Contributed by Jacqueline Lentini
Moments after President Obama announced that he would be expediting H-4 work authorizations last November, I received a call from a client inquiring about how to start the application process for his wife. I can understand their desire to jump on the opportunity. The green card acquisition process can drag on for years, testing the patience of many foreign nationals and frustrating their spouses who want to work, but who cannot by law. A dependent spouse’s inability to work can strain the couple’s economic viability and their marriage and prompt them to consider moving to another country.

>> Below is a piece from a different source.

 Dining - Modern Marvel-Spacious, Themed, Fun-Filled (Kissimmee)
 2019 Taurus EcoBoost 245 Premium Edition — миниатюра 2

The prospect of H-4 work authorization has lifted the hopes of many of those couples. The Department of Homeland Security (DHS) estimated that 179,600 spouses would apply for an Employment Authorization Document (EAD) in first year of availability with 55,000 requests each year afterward. In February DHS announced that they would begin considering applications for employment authorization for certain H-4 dependent spouses on May 26, 2015. Eligible individuals include H-4 dependent spouses of H-1B nonimmigrants who either:
- Are the principal beneficiaries of an approved Form I-140 Immigrant Petition for Alien Worker; or
- Were granted H-1B status under sections 106(a) and (b) of the American Competitiveness in the Twenty-first Century Act of 2000. The Act permits H-1B nonimmigrants seeking lawful permanent residence to work and remain in the U.S. beyond the six year limit on H-1B status.
However, on Thursday April 23, three employees from Southern California Edison sued the DHS to stop the work authorization provision, claiming that they had been displaced by H-1B workers and would face increasing competition if H-4 spouses were authorized to work. Save Jobs USA has also filed a preliminary injunction against the H-4 work authorization rule.

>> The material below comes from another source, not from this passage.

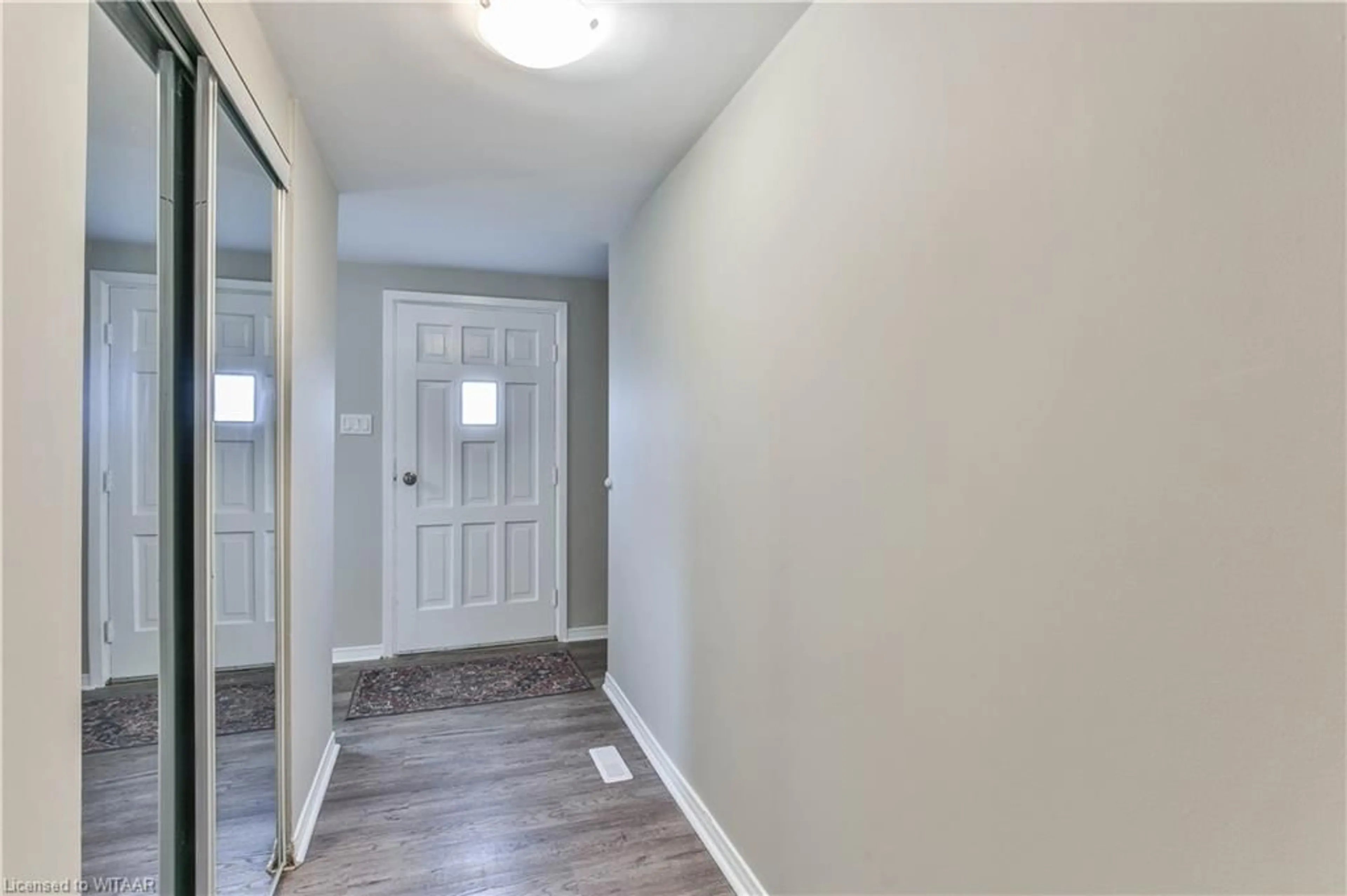 Indoor entryway for 594 Durham Cres, Woodstock Ontario N4S 5X1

Given that the U.S. has not issued H-4 EADs before, we are in unchartered territory. It is hard to say how these cases and the H-4 EAD process will go. Rather than lose hope though, those interested in an H-4 EAD should be ready to file in case the May 26, 2015 date holds or for whenever DHS is able to accept applications.
Taking action to prepare to file will feel better than just waiting and will allow you to file as soon as the window for applications opens. Here’s what you will need to file an H-4 application for employment authorization:
- Form I-765, plus filing fee of $380.
- Two passport style photographs.
- Proof of your marital relationship. If your marriage certificate is in a language other than English, you’ll need an English translation for it.
- A valid passport.
- A copy of your visa stamp. Make sure that you have a visa stamp and that you have a copy of it to submit with your application.
- Your H-4 approval notice if you have one.
- Evidence of your I-94 stamp. The I-94 stamp is the stamp you received in your passport on the day you entered the United States.
- A copy of any prior EAD cards that you had. If you were a student and obtained an EAD card then, you’ll need to submit a copy of that card with your application.
Note: the above list is not meant to be an exhaustive list of documents to include nor is it meant as legal advice for any one specific individual.